Can anyone recommend a decent compact camera? Looking at £200 max really 

Thanks


----------



## HOW5ER (Aug 11, 2009)

I'm too on the hunt for a decent camera mate, Groupon seem to have a deal but a bit more than £200 iirc


----------



## READER84 (Feb 19, 2013)

Cant find it on Groupon. Ive got a bridge camera but want another compact for the Mrs.


----------



## ZetecEmma (May 20, 2013)

Canon powershot SX260 is a very good little compact camera and is currently £149 in currys.
I've got the older SX230 as a pocket camera when I don't want to use my 5Dmkii and can honestly say it takes a great picture


----------



## READER84 (Feb 19, 2013)

Funnily enough thats the one I've just been looking at


----------



## gally (May 25, 2008)

Lumix range for me. Surpass some DSLRs i've seen. Stunning range of cameras.


----------



## READER84 (Feb 19, 2013)

gally said:


> Lumix range for me. Surpass some DSLRs i've seen. Stunning range of cameras.


Specifically? Not all Lumix are good!


----------



## READER84 (Feb 19, 2013)

ZetecEmma said:


> Canon powershot SX260 is a very good little compact camera and is currently £149 in currys.
> I've got the older SX230 as a pocket camera when I don't want to use my 5Dmkii and can honestly say it takes a great picture


Is the SX240 the same camera but without the GPS?


----------



## ZetecEmma (May 20, 2013)

The sx240 is the older version of the sx260, The sx230 is the same as the sx220 but with gps.


----------



## m1pui (Jul 24, 2009)

Panasonic TZ-35 (or TZ-25 if you want a bit of a bargain on older models) if you want to spend a bit less.

Or at the top of budget, Canon S100 http://www.ebay.co.uk/itm/NEW-CANON-POWERSHOT-S100-DIGITAL-CAMERA-SILVER-UK-/350867522415?pt=UK_CamerasPhoto_DigitalCameras_DigitalCameras_JN&hash=item51b155836f


----------



## Guitarjon (Jul 13, 2012)

Not looked at prices but my mates camera is great. Its a nikon cool pix one.


----------



## Goodfella36 (Jul 21, 2009)

Sony Cyber-shot DSC-WX200 for me I got one recently great picture from holiday has some very good review and wifi etc etc


----------



## READER84 (Feb 19, 2013)

ZetecEmma said:


> The sx240 is the older version of the sx260, The sx230 is the same as the sx220 but with gps.


Confused!
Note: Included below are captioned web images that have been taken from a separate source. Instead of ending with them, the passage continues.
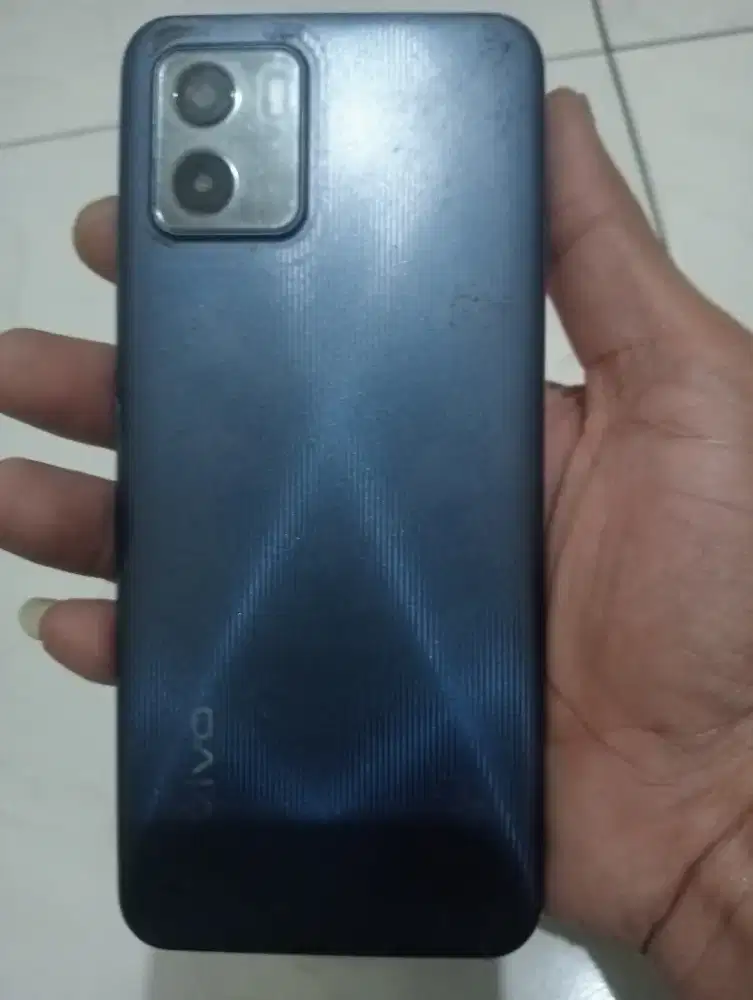 Vivo y15s RAM 3/64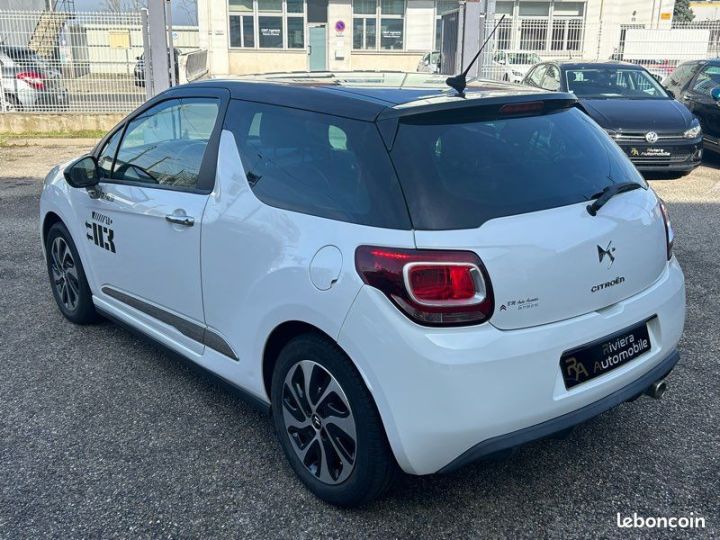 Citroen DS3 Citroën 1.6 E-HDI 90 Cv So Chic Jantes Aluminium-Climatisation Automatique-Bluetooth Blanc - 3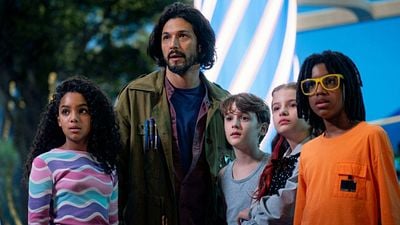 Imagem da notícia Sessão da Tarde hoje (30/09): Com galã da Globo, filme Perfekta – Uma Aventura da Escola de Gênios é baseado em série que chegou a mais de 80 países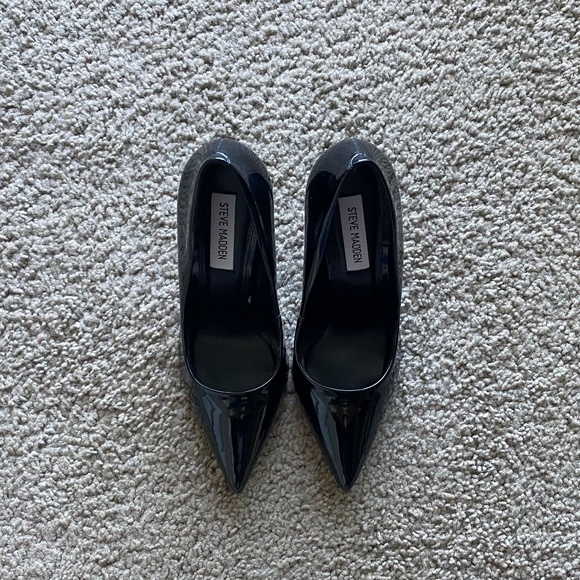 Steve Madden "Vala" Pumps - Picture 3 of 11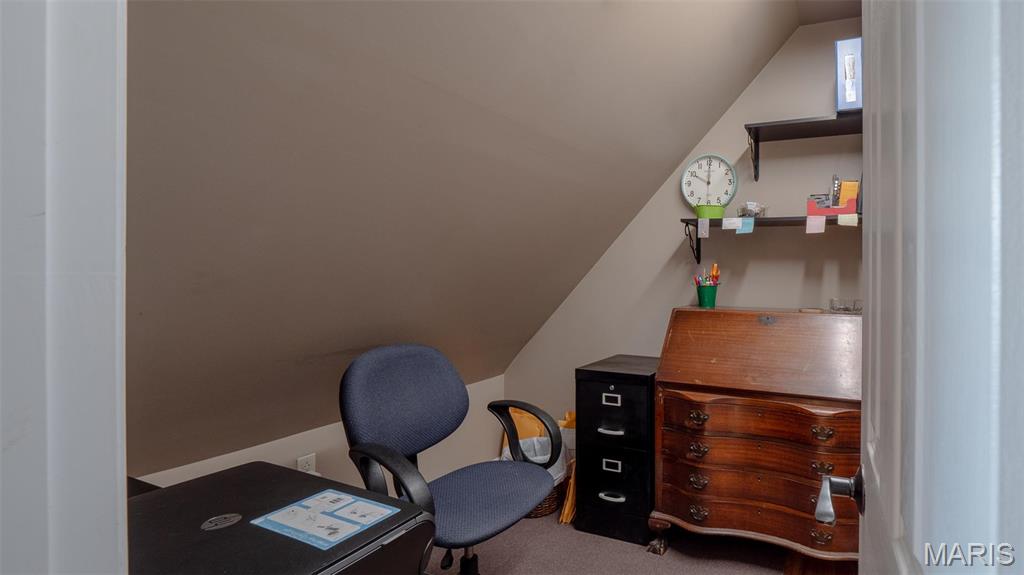 145 N Lake Drive Property Photo 40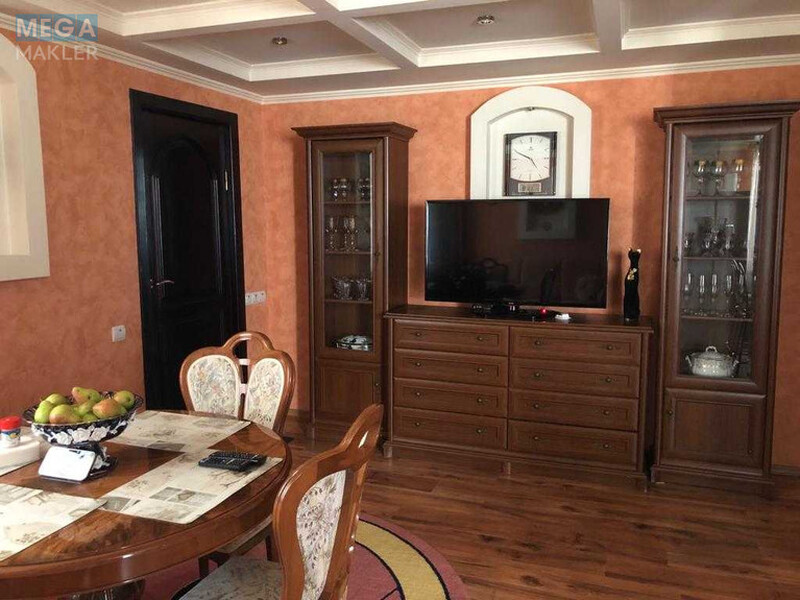 Продаж дома, 3&nbsp;поверху, 320&nbsp;кв.м, 5&nbsp;кімнат, ділянка 15&nbsp;соток, <a class="location-link" href="/dnepropetrovsk/" title="Недвижимость Дніпра">Дніпро</a>, академика Вавилова (изображение 4)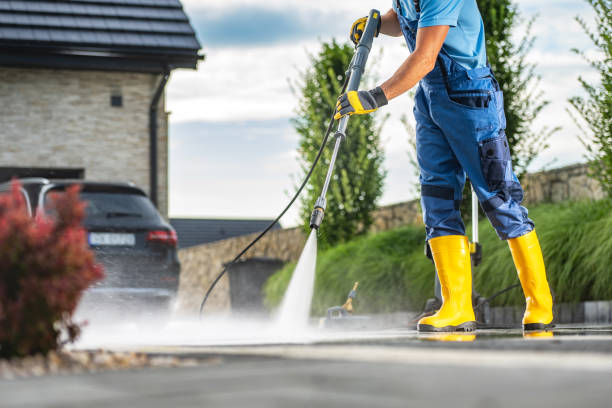 Playground Equipment Cleaning in Lakewood, CA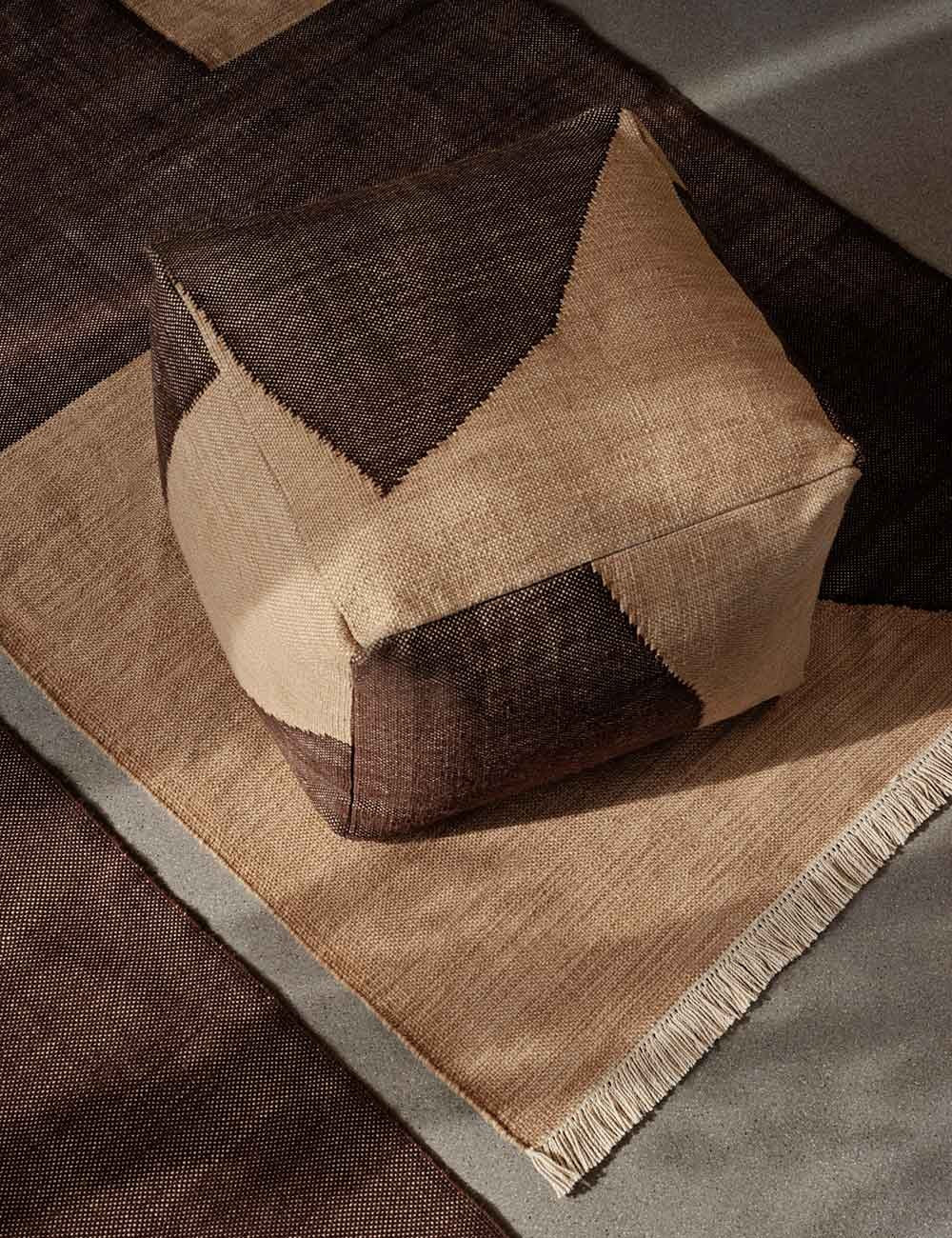 FORENE SQUARE POUF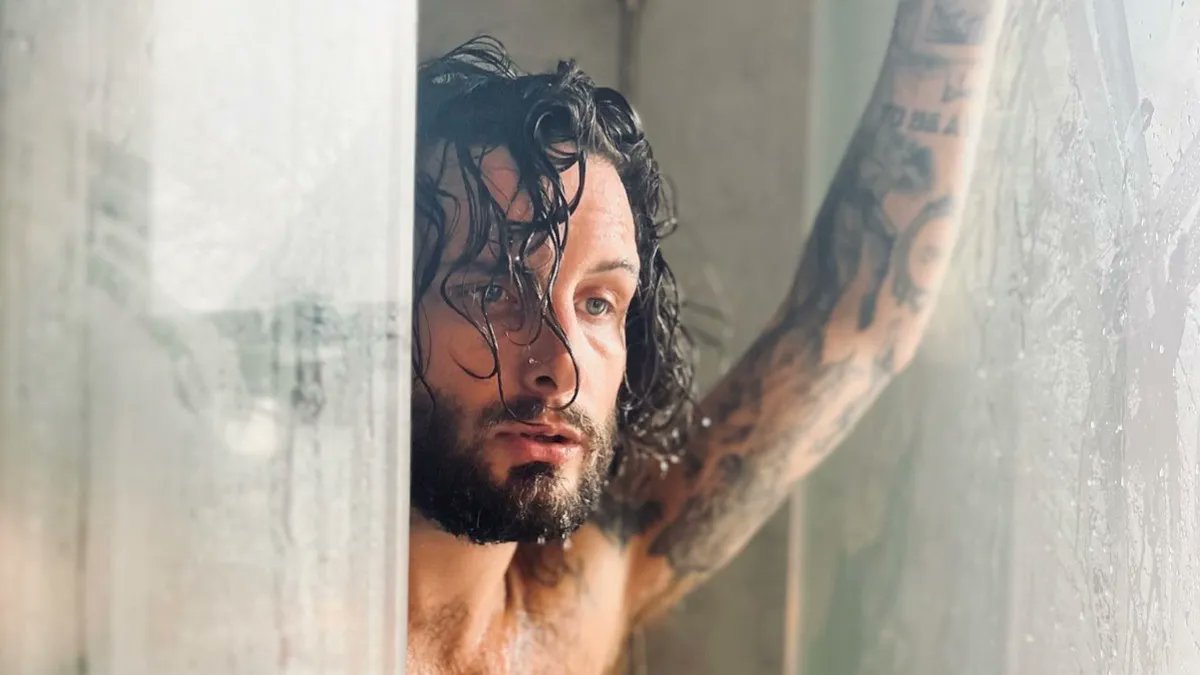 socialitelife's tweet photo. In the latest roundup of #InstaSnaps we have pics of
#NicoTortorella
#JonathanBennett
@maluma
#DerekYates
@SamHeughan
@pietrobose
@TomDaley1994
@ActuallyNPH
@BryceEilenberg
@bretmanrock
#AntonioSotillo
#BrandonFlynn
#ChrisAppleton
Check them out here: https://t.co/VHovWwncS3 https://t.co/2fLsy0bhrO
Lol


----------



## ZetecEmma (May 20, 2013)

Canon enjoy confusing us lol!!
Basically Canon bring out certain models that only certain places can stock i.e Currys or Jessops.

The powershot SX240 is the slightly older version of the SX260 and doesnt have GPS.
The powershot SX220 is again the slightly older version of the SX230 and again doesnt have GPS.
Basically the lower the number the older the camera i.e the SX260 is the current model, where as my SX230 is now classed as old.
Hope that helps.
If not some of the new Sony stuff is amazing quality, this one is an awesome bit of kit for the money
http://www.currys.co.uk/gbuk/camera...ompact-digital-camera-black-21322602-pdt.html


----------



## LSpec (Apr 7, 2013)

do you want a new one? 
if not, you can find a sony Hx1 or H200, for a good price.. sorry I read again you said compact.

canon sx280, smaller.


----------